VATICAN CITY – Pope John Paul II always took penitence seriously, spending entire nights lying with his arms outstretched on the bare floor, fasting before ordaining priests or bishops and flagellating himself, said the promoter of his sainthood cause.
Monsignor Slawomir Oder, postulator of the late pope’s cause, said Pope John Paul used self-mortification “both to affirm the primacy of God and as an instrument for perfecting himself.”
The monsignor spoke to reporters Jan. 26 at the launch of his book, “Why He’s a Saint: The Real John Paul II According to the Postulator of His Beatification Cause.”
Earlier in the day, two Italian news Web sites reported that an October date had been set for Pope John Paul’s beatification, but Monsignor Oder said nothing could be confirmed until physicians, theologians and cardinals at the Congregation for Saints’ Causes accept a miracle credited to the late pope’s intercession and Pope Benedict formally signs a decree recognizing it.

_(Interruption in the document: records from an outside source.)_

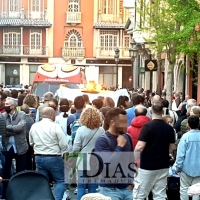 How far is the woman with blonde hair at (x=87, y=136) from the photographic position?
1023 cm

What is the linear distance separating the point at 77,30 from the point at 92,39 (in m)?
1.76

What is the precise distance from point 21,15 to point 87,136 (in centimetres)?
5449

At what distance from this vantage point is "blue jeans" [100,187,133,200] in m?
8.16

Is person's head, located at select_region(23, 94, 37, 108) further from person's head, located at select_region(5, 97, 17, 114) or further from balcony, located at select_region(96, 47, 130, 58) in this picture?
balcony, located at select_region(96, 47, 130, 58)

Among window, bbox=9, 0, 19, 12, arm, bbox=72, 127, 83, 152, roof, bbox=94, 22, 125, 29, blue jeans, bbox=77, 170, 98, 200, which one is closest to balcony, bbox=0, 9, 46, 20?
window, bbox=9, 0, 19, 12

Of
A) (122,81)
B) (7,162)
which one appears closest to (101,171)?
(7,162)

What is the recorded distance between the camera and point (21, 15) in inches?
2500

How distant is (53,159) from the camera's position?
10.5m

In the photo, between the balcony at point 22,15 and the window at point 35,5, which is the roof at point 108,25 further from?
the window at point 35,5

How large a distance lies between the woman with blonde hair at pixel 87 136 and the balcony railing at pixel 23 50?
53.3m

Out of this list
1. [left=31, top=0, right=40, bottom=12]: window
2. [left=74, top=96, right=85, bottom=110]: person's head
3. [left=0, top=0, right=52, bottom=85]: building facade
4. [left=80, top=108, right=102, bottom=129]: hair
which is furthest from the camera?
[left=31, top=0, right=40, bottom=12]: window

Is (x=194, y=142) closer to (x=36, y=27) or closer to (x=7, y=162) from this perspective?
(x=7, y=162)

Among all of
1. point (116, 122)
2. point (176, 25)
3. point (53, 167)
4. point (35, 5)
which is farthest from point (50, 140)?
point (35, 5)

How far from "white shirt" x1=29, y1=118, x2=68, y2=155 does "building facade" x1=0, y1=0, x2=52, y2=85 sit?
173ft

Monsignor Oder’s book, published only in Italian, is based largely on what he said he learned from the documents collected for the beatification process and, particularly, from the sworn testimony of the 114 people who personally knew Pope John Paul and testified before the Rome diocesan tribunal investigating his fame of holiness.

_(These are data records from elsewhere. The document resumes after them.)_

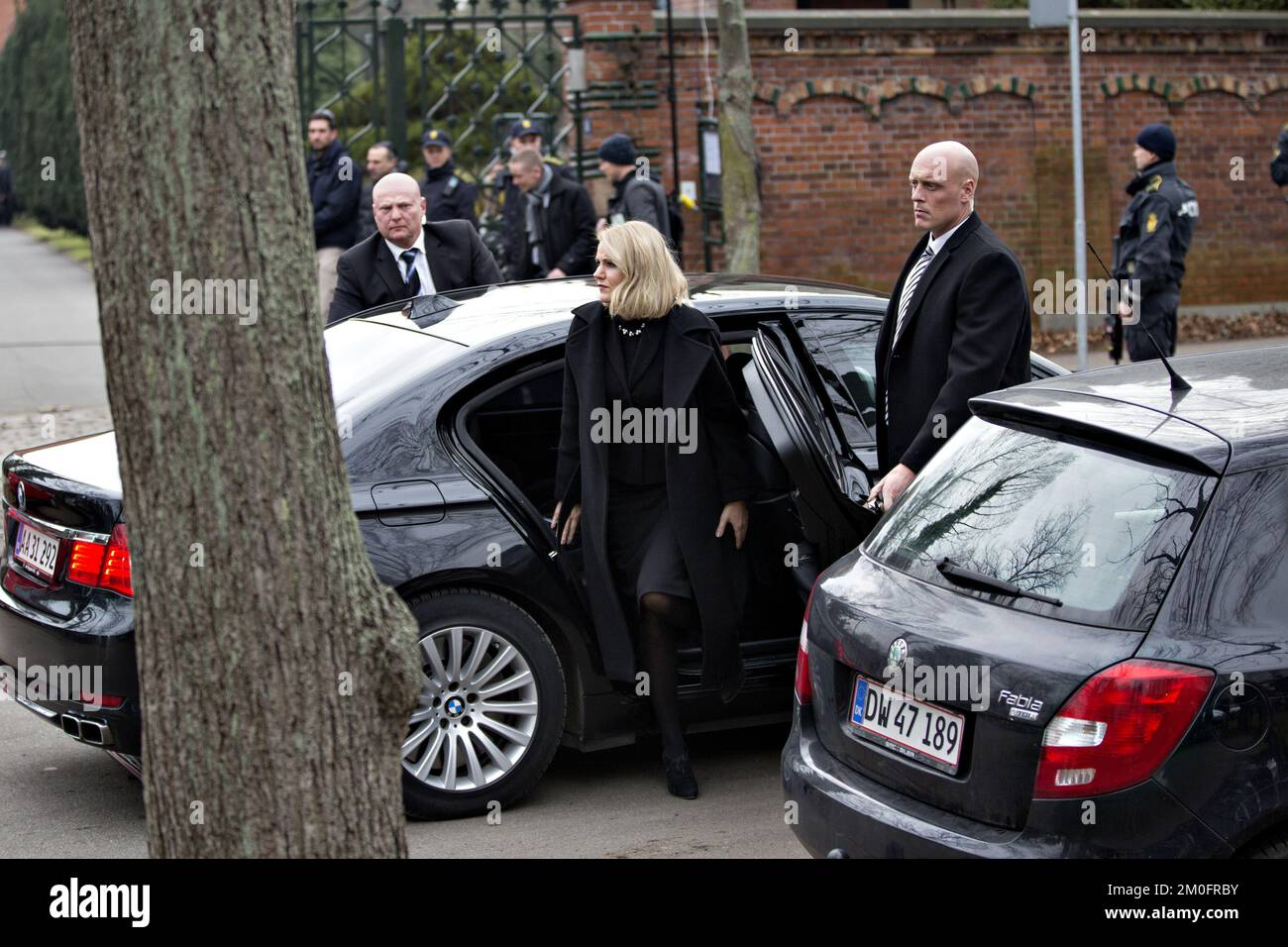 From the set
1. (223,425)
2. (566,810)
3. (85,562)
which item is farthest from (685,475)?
(223,425)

Because of the reticence surrounding the process, the witnesses who served as the source for particular affirmations in the book are not named, although some are described loosely as members of the papal entourage or the papal household.

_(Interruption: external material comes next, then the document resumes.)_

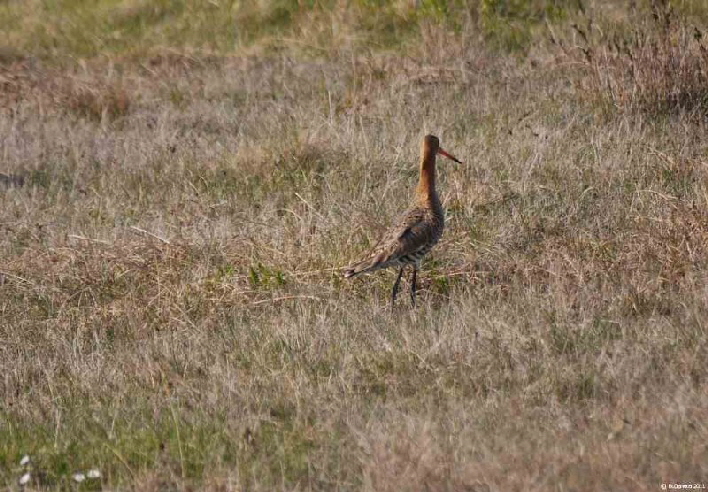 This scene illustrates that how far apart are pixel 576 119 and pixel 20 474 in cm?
642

“When it wasn’t some infirmity that made him experience pain, he himself would inflict discomfort and mortification on his body,” Monsignor Oder wrote.
He said the penitential practices were common both when then-Karol Wojtyla was archbishop of Krakow, Poland, as well as after he became pope.
“Not infrequently he passed the night lying on the bare floor,” the monsignor wrote, and people in the Krakow archbishop’s residence knew it, even if the archbishop would mess up the covers on his bed so it wouldn’t be obvious that he hadn’t slept there.
“As some members of his closest entourage were able to hear with their own ears, Karol Wojtyla flagellated himself both in Poland and in the Vatican,” Monsignor Oder wrote. “In his closet, among the cassocks, there was a hook holding a particular belt for slacks, which he used as a whip and which he also always brought to Castel Gandolfo,” the papal summer residence south of Rome.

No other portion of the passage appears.